The show’s clowns and villains provide the light relief. A Falstaffian fall guy, Much the Miller’s son, is played by Sam Troughton, the grandson of the first television Robin (and later, of course, the second Doctor Who), Patrick Troughton. Minghella and Alan’s most astute piece of casting, however, may have been in the villains. Expect Keith Allen as a sneering and chillingly sadistic Sheriff of Nottingham (Allen later reveals that he has based the character on Gordon Brown), and Richard Armitage, as a debonair yet murderous Gisborne, to be vying for acting awards.

And welcome as critical success would be, Minghella and Allan hope to emulate Doctor Who in other ways. With its vast collection of bestselling books, DVDs, toys and memorabilia, Doctor Who is, so far, the best example of what the BBC calls “360-degree commissioning”. Minghella and his team hope that children everywhere will soon be demanding their versions of Robin’s scimitar and Saracen bow. “I did economics at university,” says Minghella. “The fusion of creative and commercial appeals to me.”
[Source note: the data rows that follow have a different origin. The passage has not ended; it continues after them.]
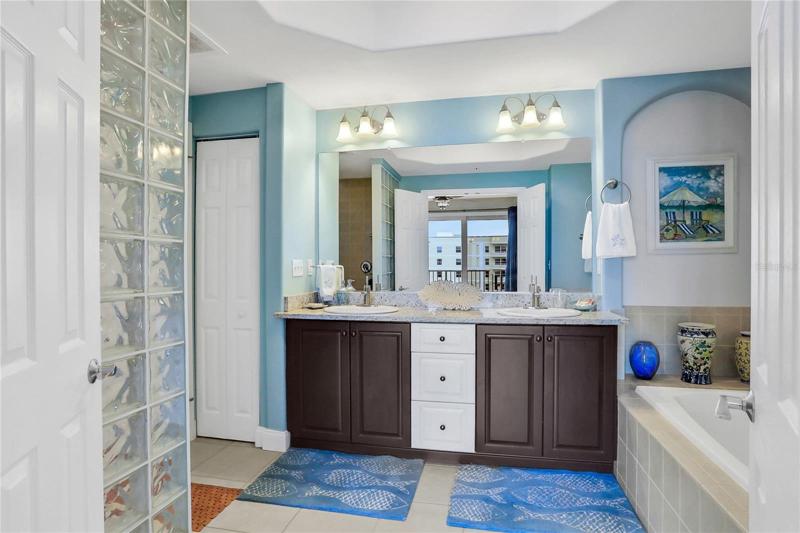 Double door entry with spa inspired bath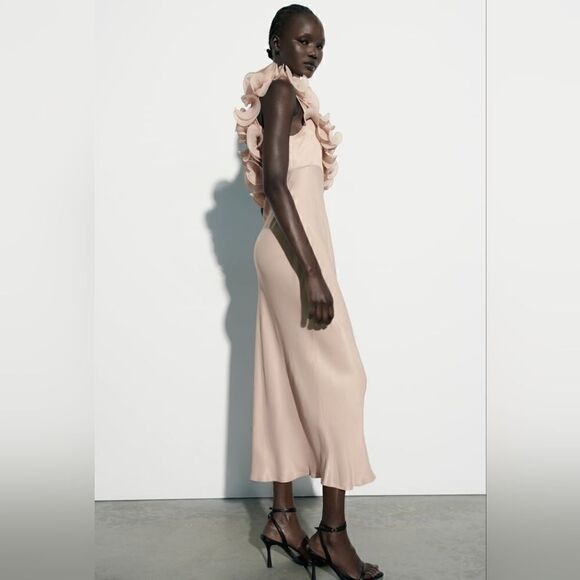 ZARA RUFFLED SATIN EFFECT DRESS LIGHT PINK - Picture 11 of 16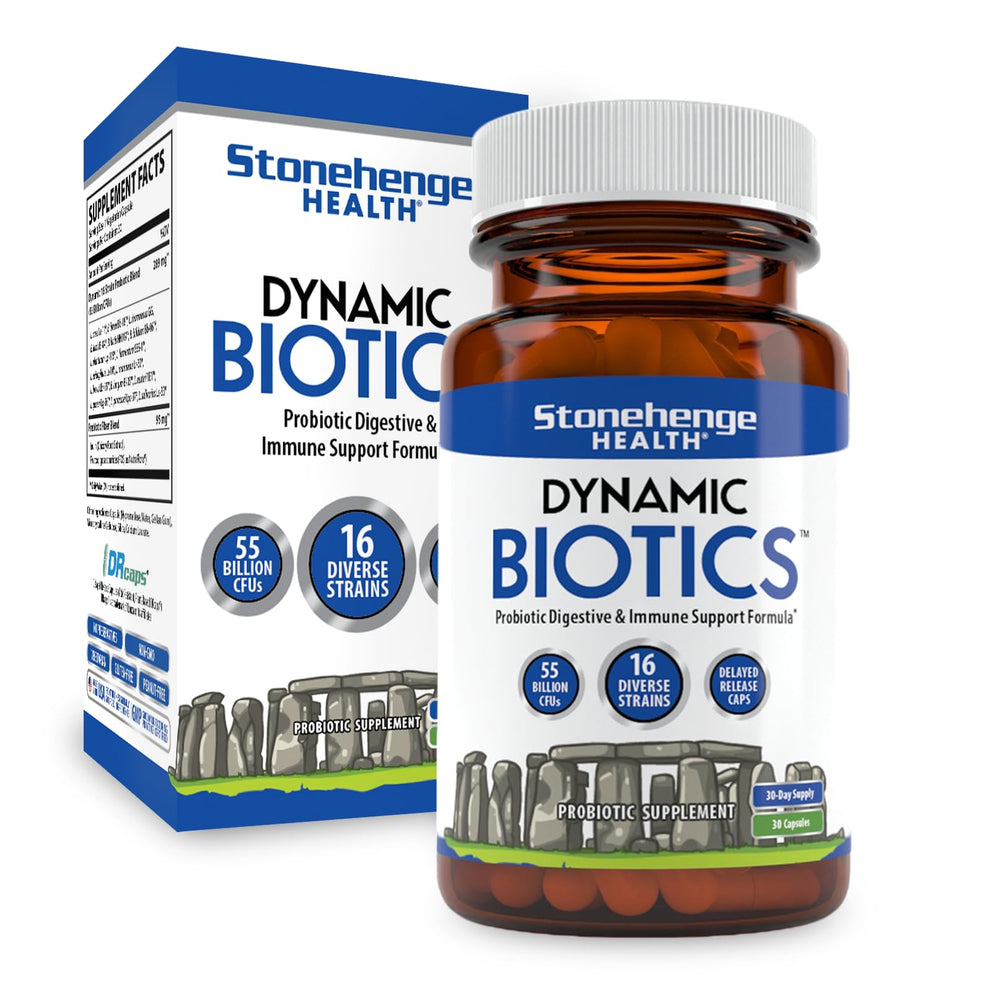 Stonehenge Health Probiotics bottle with label showing 55B CFU and 16 strains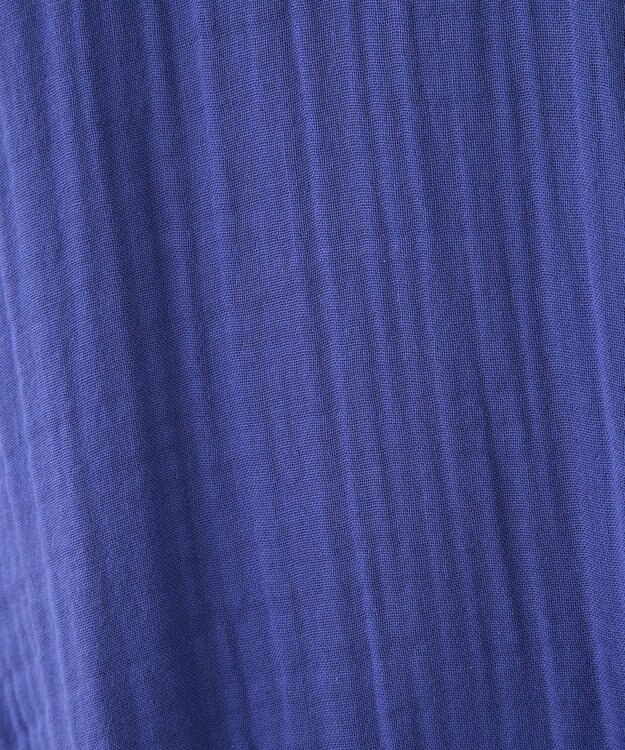 UCHINO クレープガーゼ 　パッチポケットワンピース ブルー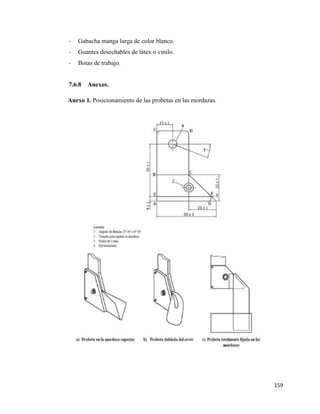 159
- Gabacha manga larga de color blanco.
- Guantes desechables de látex o vinilo.
- Botas de trabajo.
7.6.8 Anexos.
Anexo 1. Posicionamiento de las probetas en las mordazas.
 
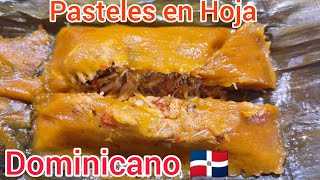 PASTELES EN HOJA DOMINICANOS SENCILLO FACIL Y RAPIDO [upl. by Eustatius133]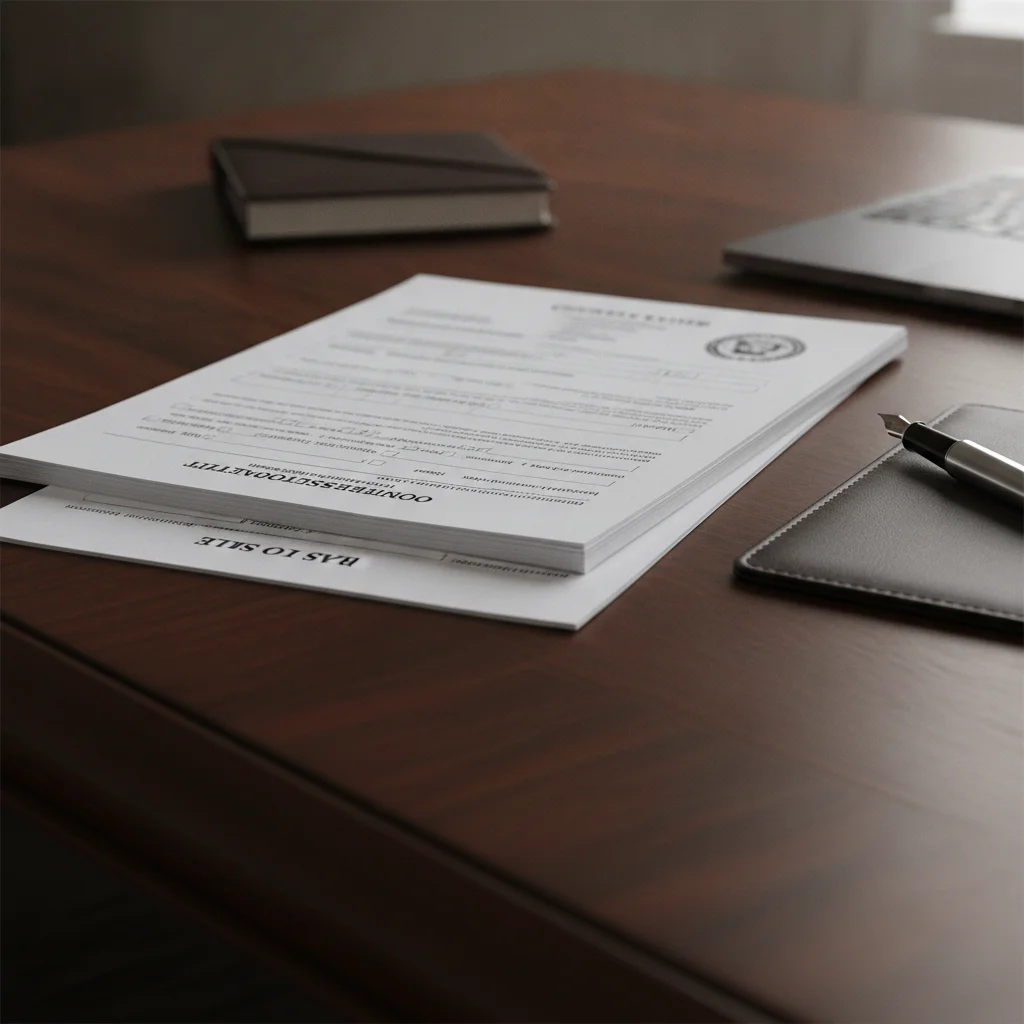 Car title, odometer disclosure form, and bill of sale documents arranged on a desk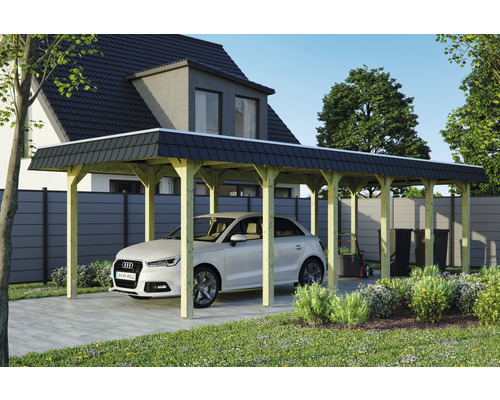 Prístrešok na auto SKAN HOLZ Spreewald čierna fasáda, vr. EPDM membrány, úchyty pre stĺpiky 345 x 893 cm, impregnovaný Drevený prístrešok pre auto s autom na pozemku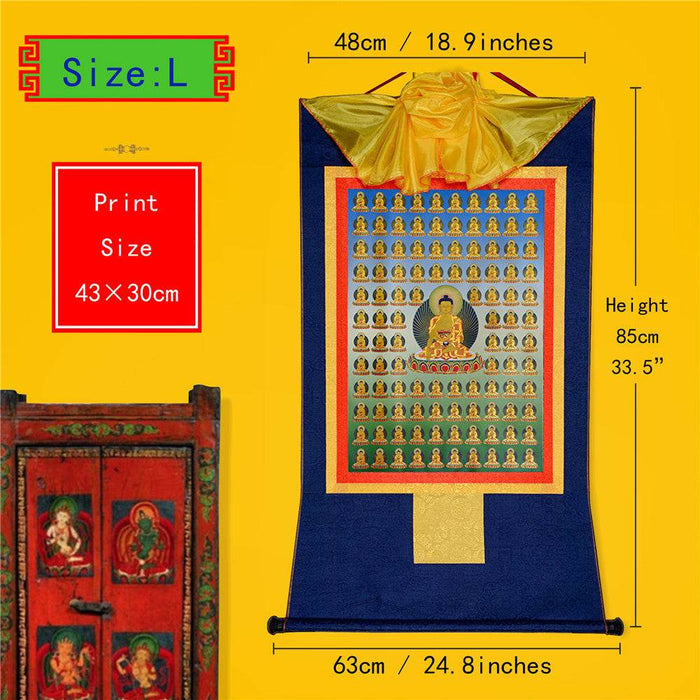 100 Shakyamuni - Tibetan thangka painting, view 4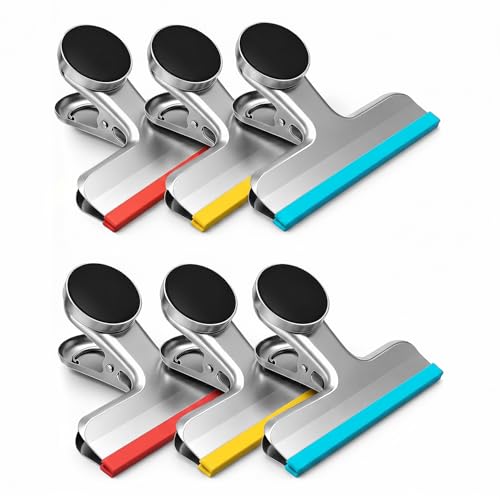 Image of Magnetic Chip Clips, Stainless Steel Chip Bag Clips with Strong Magnet and Silicone Cover, Heavy Duty Food Bag Clip for Kitchen Storage, 6 Pack Color Coded, 3 Inch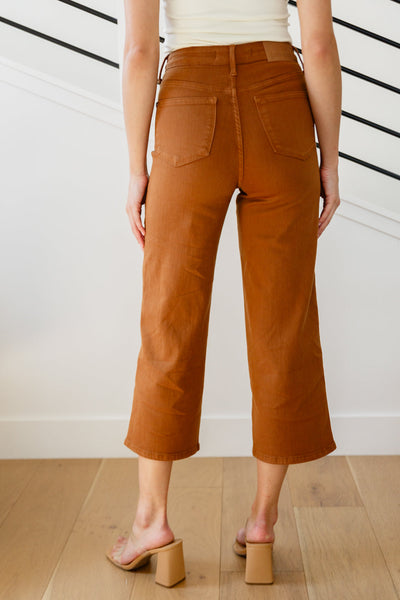 Briar High Rise Control Top Wide Leg Crop Judy Blue Jeans in Camel - ONLINE EXCLUSIVE!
That fusion was behind the decision to come to low-budget Hungary. The move looked ill-advised at one point. As filming drew to a close, four high-definition tapes of the show were stolen from a production office, it is thought by a local extra. Rumours swirled of Hungarian robbers holding the BBC to a £1 million ransom. Eventually, however, concerns that scenes would need to be reshot proved unfounded and the production remained on track.

At the Fot Studios in Budapest, they have built three permanent sets, including the Sheriff of Nottingham’s castle and a complete reconstruction of the medieval village of Loxley, but the heart of the production is in the forest, an hour away. As the morning draws to an end at Bandit Rocks, Jonas Armstrong is justifying the faith the production has placed in him — remarkably, he was cast after one 20-minute audition. This morning’s scene, in which the gang debate how to respond to the Saracen menace, has taken almost five hours to complete.

The scene, Armstrong explains, sums up the Robin Hood he is creating. “He’s always been played almost as a superhero. The way I wanted to play him was as an everyman. He is not the kind of guy who sees something wrong and lets it be. He has to go by his sense of justice and what he thinks is right. This scene was very relevant to what he saw in the Crusades, so it was very important,” he says.

He admits that after five months of 6am wake-ups and 12-hour days it would be easy to let the energy levels dip. “A scene like today, you can’t go in with low energy because we’ve only got six weeks to go. You can’t risk it,” he says. He admits, however, that the production is taking its toll.

“When we started five months ago I didn’t think I would be able to get to the end of it, but now I can see there is a finish line. It has been very tough but very rewarding,” he says.

And can it imitate the success of Doctor Who? The early signs are good, as far as the Minghella household is concerned at least. The father of three children showed his 11-year-old son the opening episode on a brief trip home. “I had to drag him away from the computer games. But within 15 minutes he was hooked. Much to my relief,” he chuckles.

He will know soon enough whether his production is really out of the woods. But the smart money suggests that the forests of Dobogoko have not seen the last of their outlaws just yet.